No Minima, No Collisions: Combining Modulation and Control Barrier Function Strategies for Feasible Dynamic Collision Avoidance
Yifan Xue, Nadia Figueroa
TL;DR
This work investigates dynamic obstacle avoidance by juxtaposing Control Barrier Function Quadratic Programs (CBF-QPs) with Mod-DS methods, showing both offer complementary safety and trajectory properties. It reveals theoretical connections—normal Mod-DS is equivalent to CBF-QP in static fully actuated settings, and reference Mod-DS relates closely through a shared equation—leading to the Modulated CBF-QP (MCBF-QP) framework.
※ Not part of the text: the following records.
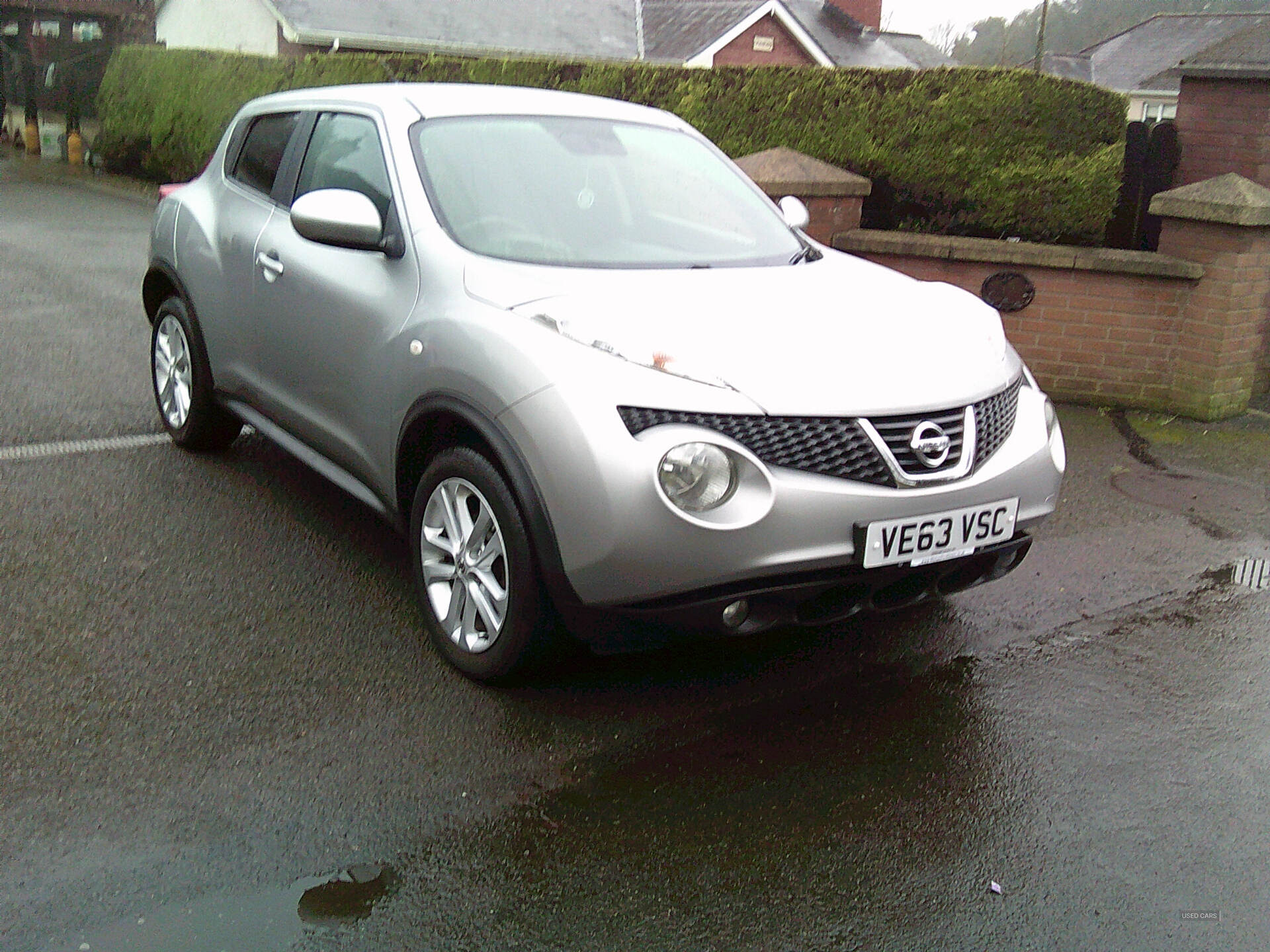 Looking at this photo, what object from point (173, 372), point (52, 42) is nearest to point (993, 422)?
point (173, 372)

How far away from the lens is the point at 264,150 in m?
5.21

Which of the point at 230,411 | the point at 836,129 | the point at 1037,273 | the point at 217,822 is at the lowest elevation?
the point at 217,822

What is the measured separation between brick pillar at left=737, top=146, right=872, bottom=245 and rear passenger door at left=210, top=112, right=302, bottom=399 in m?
3.78

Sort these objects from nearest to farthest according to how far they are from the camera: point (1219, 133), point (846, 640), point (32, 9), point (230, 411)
Result: point (846, 640)
point (230, 411)
point (1219, 133)
point (32, 9)

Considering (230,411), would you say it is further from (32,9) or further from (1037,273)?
(32,9)

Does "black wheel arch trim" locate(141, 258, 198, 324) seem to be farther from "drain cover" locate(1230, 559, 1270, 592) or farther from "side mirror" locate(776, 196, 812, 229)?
"drain cover" locate(1230, 559, 1270, 592)

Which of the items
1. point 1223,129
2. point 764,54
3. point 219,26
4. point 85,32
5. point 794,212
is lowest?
point 794,212

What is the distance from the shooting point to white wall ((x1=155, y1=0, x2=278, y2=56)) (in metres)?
29.7

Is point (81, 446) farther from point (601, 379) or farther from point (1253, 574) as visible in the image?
point (1253, 574)

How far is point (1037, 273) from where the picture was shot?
7.74 metres

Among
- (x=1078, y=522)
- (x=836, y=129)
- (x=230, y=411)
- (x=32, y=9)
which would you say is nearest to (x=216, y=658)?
(x=230, y=411)

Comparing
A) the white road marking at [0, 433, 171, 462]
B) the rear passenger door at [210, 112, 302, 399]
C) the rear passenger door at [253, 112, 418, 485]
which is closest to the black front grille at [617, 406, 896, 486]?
the rear passenger door at [253, 112, 418, 485]

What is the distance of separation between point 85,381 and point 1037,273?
572 centimetres

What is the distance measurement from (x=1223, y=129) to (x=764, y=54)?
104ft
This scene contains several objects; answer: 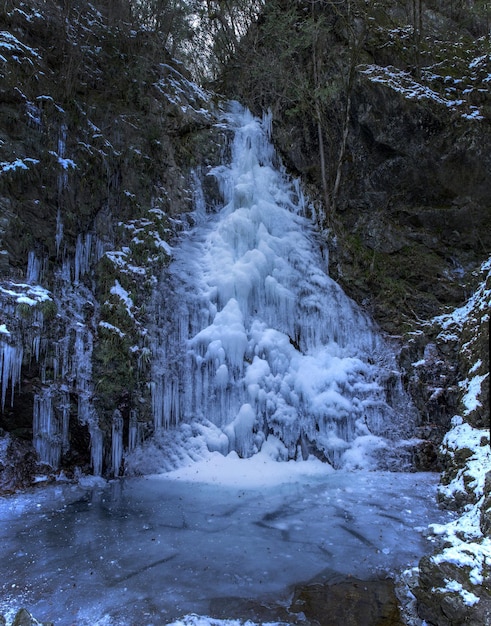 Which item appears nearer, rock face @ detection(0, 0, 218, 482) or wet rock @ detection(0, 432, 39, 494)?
wet rock @ detection(0, 432, 39, 494)

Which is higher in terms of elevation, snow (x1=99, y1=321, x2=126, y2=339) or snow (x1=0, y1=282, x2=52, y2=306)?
snow (x1=0, y1=282, x2=52, y2=306)

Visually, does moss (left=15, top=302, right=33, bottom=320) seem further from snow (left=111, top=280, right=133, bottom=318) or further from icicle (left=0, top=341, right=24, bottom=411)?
snow (left=111, top=280, right=133, bottom=318)

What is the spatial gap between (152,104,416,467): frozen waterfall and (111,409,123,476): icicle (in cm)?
63

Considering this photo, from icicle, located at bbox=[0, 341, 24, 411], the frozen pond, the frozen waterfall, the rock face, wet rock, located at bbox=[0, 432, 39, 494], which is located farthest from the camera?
the frozen waterfall

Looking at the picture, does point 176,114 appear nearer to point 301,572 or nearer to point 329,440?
point 329,440

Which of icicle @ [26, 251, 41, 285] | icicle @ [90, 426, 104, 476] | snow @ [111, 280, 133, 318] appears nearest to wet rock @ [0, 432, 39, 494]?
icicle @ [90, 426, 104, 476]

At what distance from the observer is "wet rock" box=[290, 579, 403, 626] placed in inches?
138

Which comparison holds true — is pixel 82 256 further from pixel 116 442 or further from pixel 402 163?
pixel 402 163

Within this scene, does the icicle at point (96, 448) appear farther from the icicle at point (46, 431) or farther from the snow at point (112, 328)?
the snow at point (112, 328)

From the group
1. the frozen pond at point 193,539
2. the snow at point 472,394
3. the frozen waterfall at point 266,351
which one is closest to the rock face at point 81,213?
the frozen waterfall at point 266,351

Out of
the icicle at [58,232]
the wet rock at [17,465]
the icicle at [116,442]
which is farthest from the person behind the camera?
the icicle at [58,232]

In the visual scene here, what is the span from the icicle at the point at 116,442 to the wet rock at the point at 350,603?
448 cm

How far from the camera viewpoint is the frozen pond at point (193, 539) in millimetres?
3818

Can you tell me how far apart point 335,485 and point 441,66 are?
10757mm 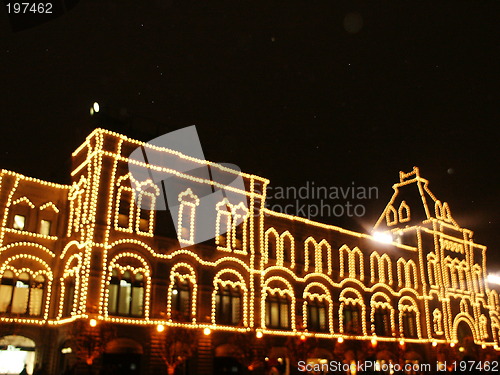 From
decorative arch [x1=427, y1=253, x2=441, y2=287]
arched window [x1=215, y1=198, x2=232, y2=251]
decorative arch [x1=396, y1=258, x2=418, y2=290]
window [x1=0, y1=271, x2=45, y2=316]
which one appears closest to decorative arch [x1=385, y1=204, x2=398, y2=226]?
decorative arch [x1=427, y1=253, x2=441, y2=287]

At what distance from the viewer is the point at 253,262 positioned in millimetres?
34750

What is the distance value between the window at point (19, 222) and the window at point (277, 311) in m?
15.3

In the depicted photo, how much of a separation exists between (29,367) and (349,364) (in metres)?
20.9

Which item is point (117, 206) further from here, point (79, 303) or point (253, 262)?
point (253, 262)

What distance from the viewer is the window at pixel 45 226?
30.8 m

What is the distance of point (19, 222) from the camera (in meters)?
30.0

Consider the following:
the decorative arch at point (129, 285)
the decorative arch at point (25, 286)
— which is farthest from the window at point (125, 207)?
the decorative arch at point (25, 286)

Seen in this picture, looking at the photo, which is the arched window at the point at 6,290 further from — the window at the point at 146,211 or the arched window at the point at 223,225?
the arched window at the point at 223,225

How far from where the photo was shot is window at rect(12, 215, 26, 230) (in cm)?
2983

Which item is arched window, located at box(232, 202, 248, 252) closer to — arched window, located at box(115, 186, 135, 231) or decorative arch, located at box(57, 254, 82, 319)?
arched window, located at box(115, 186, 135, 231)

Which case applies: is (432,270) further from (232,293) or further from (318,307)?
(232,293)

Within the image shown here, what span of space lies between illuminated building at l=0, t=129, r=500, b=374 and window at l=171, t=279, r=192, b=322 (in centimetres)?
6

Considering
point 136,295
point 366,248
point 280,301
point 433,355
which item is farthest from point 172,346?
point 433,355

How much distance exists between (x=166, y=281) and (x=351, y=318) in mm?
16173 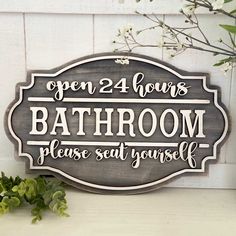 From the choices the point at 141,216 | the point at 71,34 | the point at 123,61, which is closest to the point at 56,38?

MCBF-QP introduces two variants, Reference-MCBF-QP and On-Manifold-MCBF-QP, to reduce or eliminate undesirable local minima while preserving actuation constraints, validated through hospital-like simulations and real-robot experiments on Ridgeback and Fetch platforms. The results demonstrate improved target convergence, obstacle clearance, and robustness across fully actuated and underactuated systems, suggesting a practical, unified approach to safe navigation in dynamic, cluttered environments.
Abstract
Control Barrier Function Quadratic Programs (CBF-QPs) have become a central tool for real-time safety-critical control due to their applicability to general control-affine systems and their ability to enforce constraints through optimization. Yet, they often generate trajectories with undesirable local minima that prevent convergence to goals. On the other hand, Modulation of Dynamical Systems (Mod-DS) methods (including normal, reference, and on-manifold variants) reshape nominal vector fields geometrically and achieve obstacle avoidance with few or even no local minima. However, Mod-DS provides no straightforward mechanism for handling input constraints and remains largely restricted to fully actuated systems. In this paper, we revisit the theoretical foundations of both approaches and show that, despite their seemingly different constructions, the normal Mod-DS is a special case of the CBF-QP, and the reference Mod-DS is linked to the CBF-QP through a single shared equation. These connections motivate our Modulated CBF-QP (MCBF-QP) framework, which introduces reference and on-manifold modulation variants that reduce or fully eliminate the spurious equilibria inherent to CBF-QPs for general control-affine systems operating in dynamic, cluttered environments. We validate the proposed controllers in simulated hospital settings and in real-world experiments on fully actuated Ridgeback robots and underactuated Fetch platforms. Across all evaluations, Modulated CBF-QPs consistently outperform standard CBF-QPs on every performance metric.